Below is a set of records, and all of them should be retyped exactly, minus the pictures.

**********

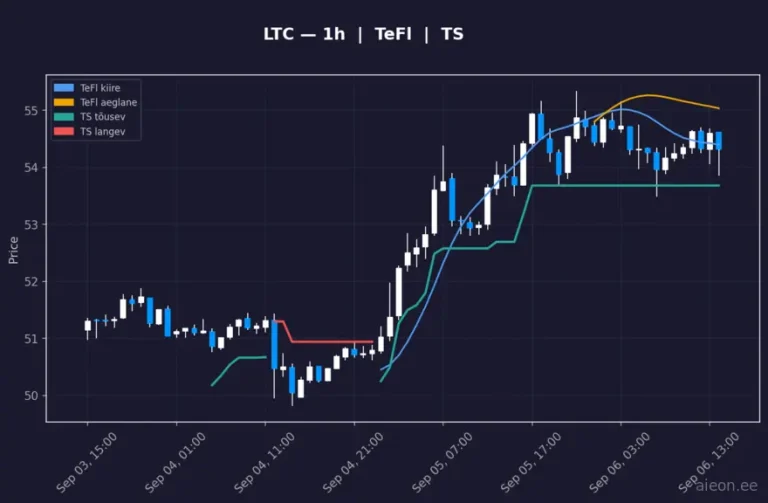 Litecoin (LTC) 1h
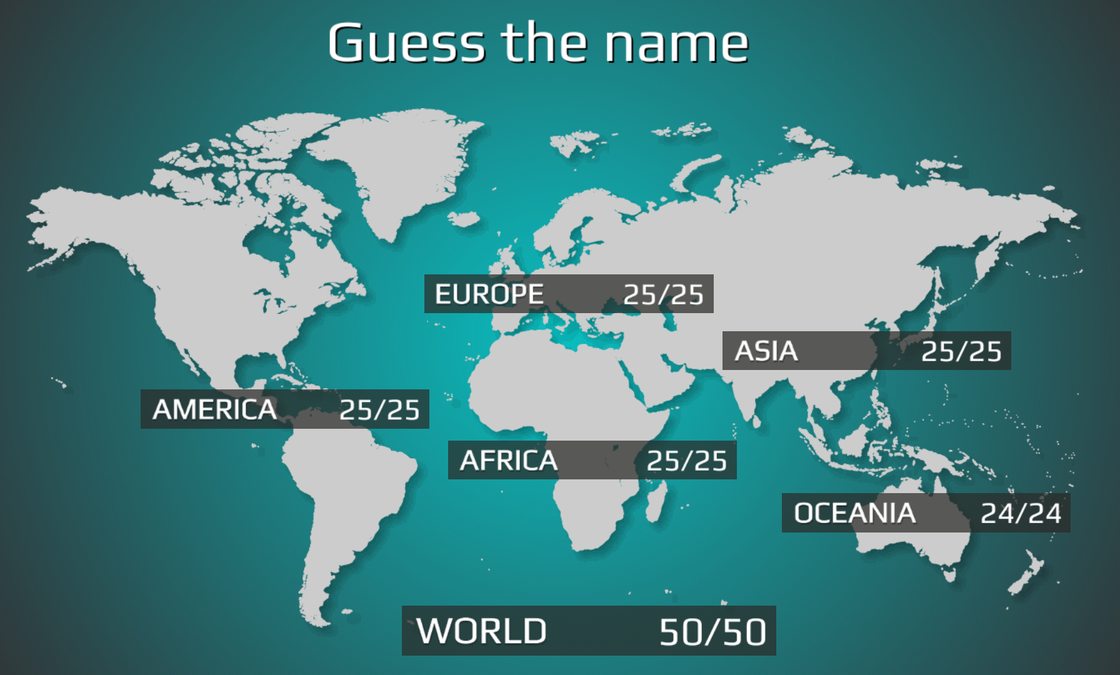 Name the 20 Random Countries in the World Quiz - By davidsomodio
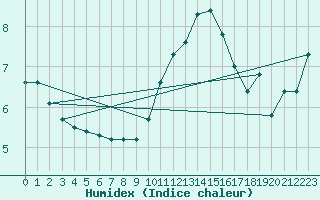 Courbe de l'humidex pour Herhet (Be)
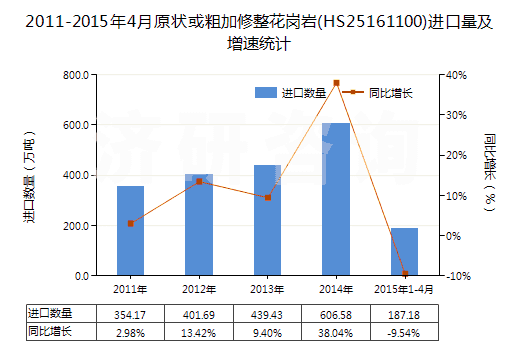 2011-2015年4月原狀或粗加修整花崗巖(HS25161100)進口量及增速統(tǒng)計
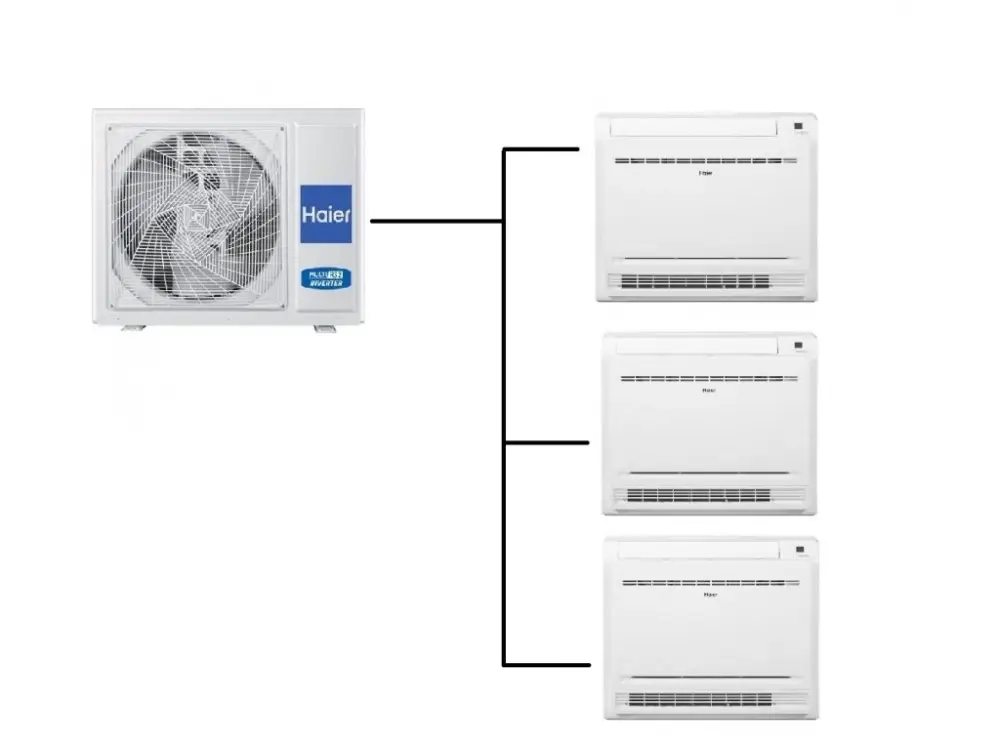 Nízká Cena Klimatizace Haier parapetní 1+3 (2,5kW + 2,5kW 2,5kW) Multi-split R32 včetně montáže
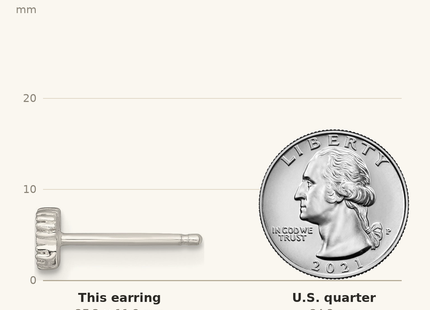 Classique True Size: Sterling Silver Polished Textured White CZ Quatrefoil Post Earrings shown next to a US quarter (24.3 mm)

**********

▸ TASK ANSWER
 Litecoin (LTC) 1h
 Name the 20 Random Countries in the World Quiz - By davidsomodio
 Courbe de l'humidex pour Herhet (Be)
 2011-2015年4月原狀或粗加修整花崗巖(HS25161100)進口量及增速統(tǒng)計
 Nízká Cena Klimatizace Haier parapetní 1+3 (2,5kW + 2,5kW 2,5kW) Multi-split R32 včetně montáže
 Classique True Size: Sterling Silver Polished Textured White CZ Quatrefoil Post Earrings shown next to a US quarter (24.3 mm)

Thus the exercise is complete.